このような暗黙知は学問の世界でも、実験器具の扱い方だとか研究対象の観察の仕方とか論文の書き方とか、さまざまなレベルで存在します。学者たちの「専門知」には、さまざまな暗黙知が含まれており、学問の世界では非常に重要な意味を持っていると考えられます。
ただ、ポランニーは(少なくとも彼の主著である『暗黙知の次元』の中では)学者たちの専門知について特に触れていません。ポランニーの議論はもっと抽象的なレベルで展開します。
彼は暗黙知の構造を、経験可能な低位の実在を通じて、より「高位な実在レベル」に達することととらえ、同じ構造が進化の過程(生命の誕生、知性の誕生)にも見られるとして、これを創発イノベーションと呼びます。
この創発性は、科学者が実験・観察などから真理を発見するプロセスにも存在する、とポランニーはいいます。そしてこの創発を可能にするために、科学者たちは、自然法則のようなより高次の存在があるはずだという「形而上学的信念」を持った「探求者」でなければなりません。
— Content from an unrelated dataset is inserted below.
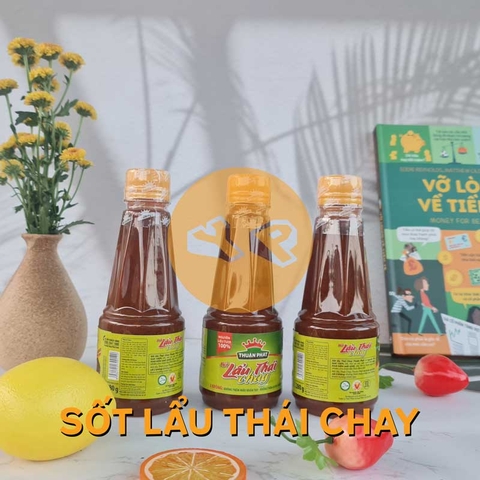 Sốt lẩu Thái chay Thuận Phát chai 280g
このような探究者たちが集まって科学者の共同体が形成される、というのがポランニーの考えです。
ポランニーは社会主義国家で科学が政治に従属していることへの反発もあり、科学の自律性を守らなければならないという考えから上記のような主張をしたらしいのですが、非常に高邁こうまいといいますか、理想主義的な学問観のように思えます。
しかし現実の科学者たちは、果たしてそんな高邁な理想を胸に研究活動をしているのでしょうか。

現実の科学者の実践を規定するもの

ポランニーは「探究者たちの社会」という表現を使っていますが、信念や理想を共有した者たちの集まりですからむしろ「共同体」と呼ぶべきものです。
社会学者のP・ブルデューは、コレージュ・ド・フランスでの最終講義を収めた『科学の科学』という本の中で、このような「共同体主義的」な考え方を批判しています。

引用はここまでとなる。